Make an exact copy of the data below, leaving out every picture.

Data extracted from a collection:
━━━━
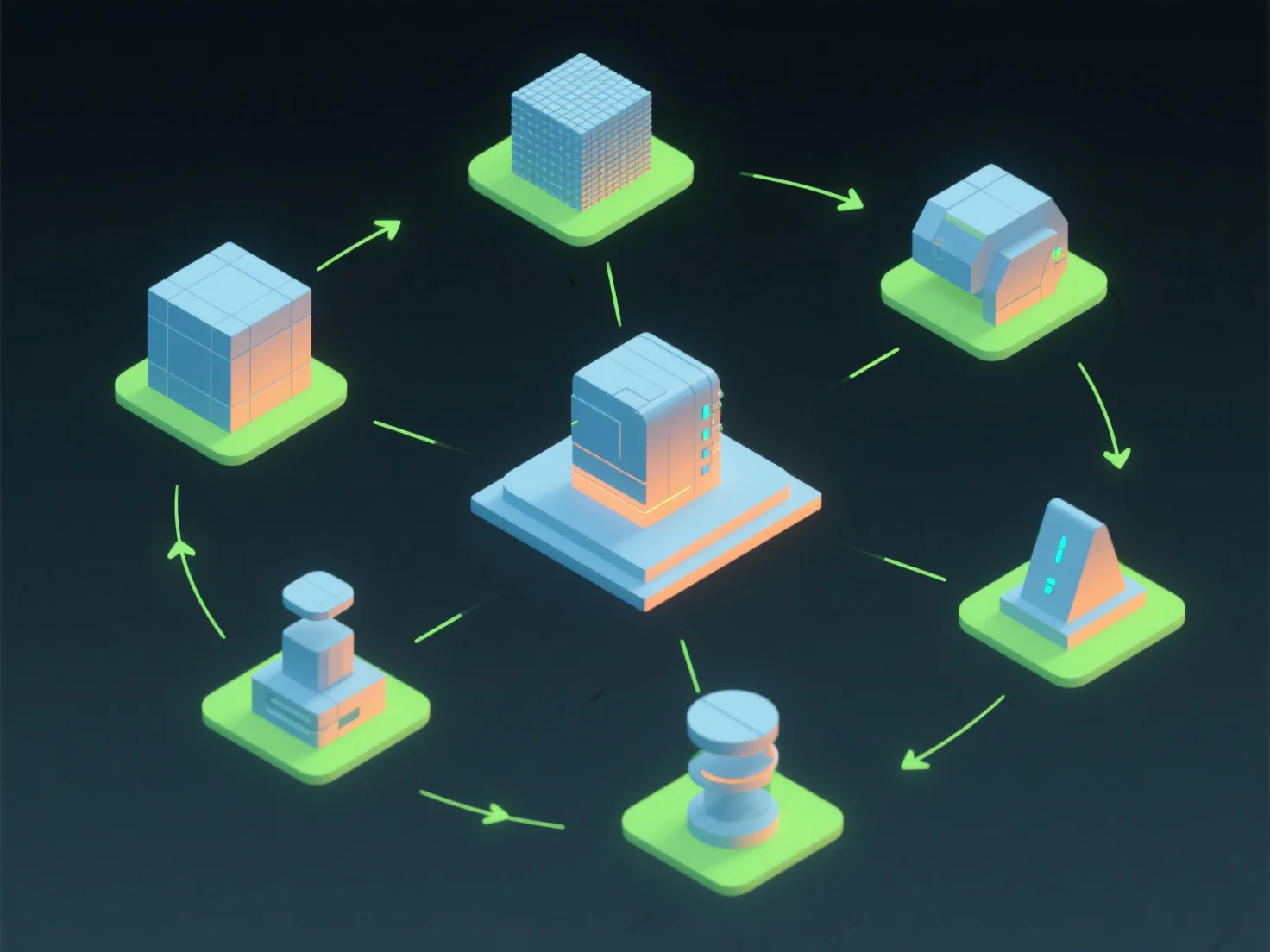 How do feedback loops in the 3D production process affect final output?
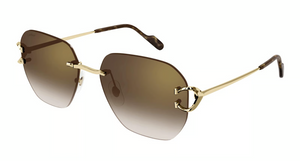 002 - Gold With Brown Lenses
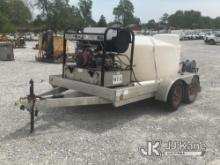 (Hawk Point, MO) 2009 R&R Trailers UT612H Portable Steam Cleaner/Pressure Washer Used. Motor cranks.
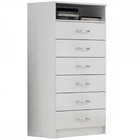 Cômoda Rack 6 Gavetas Tallinn Com Nicho 13444 Branco - Pnr Mó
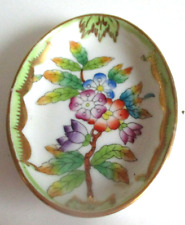 Vintage Herend Nut Mint Dish - Hand Painted Floral picture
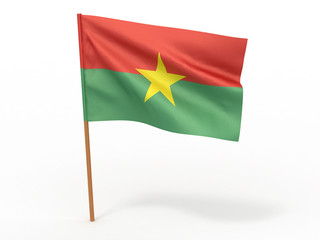 flag fluttering in the wind. Burkina Faso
━━━━
_RESPONSE AREA_.
 How do feedback loops in the 3D production process affect final output?
 002 - Gold With Brown Lenses
 (Hawk Point, MO) 2009 R&R Trailers UT612H Portable Steam Cleaner/Pressure Washer Used. Motor cranks.
 Cômoda Rack 6 Gavetas Tallinn Com Nicho 13444 Branco - Pnr Mó
 Vintage Herend Nut Mint Dish - Hand Painted Floral picture
 flag fluttering in the wind. Burkina Faso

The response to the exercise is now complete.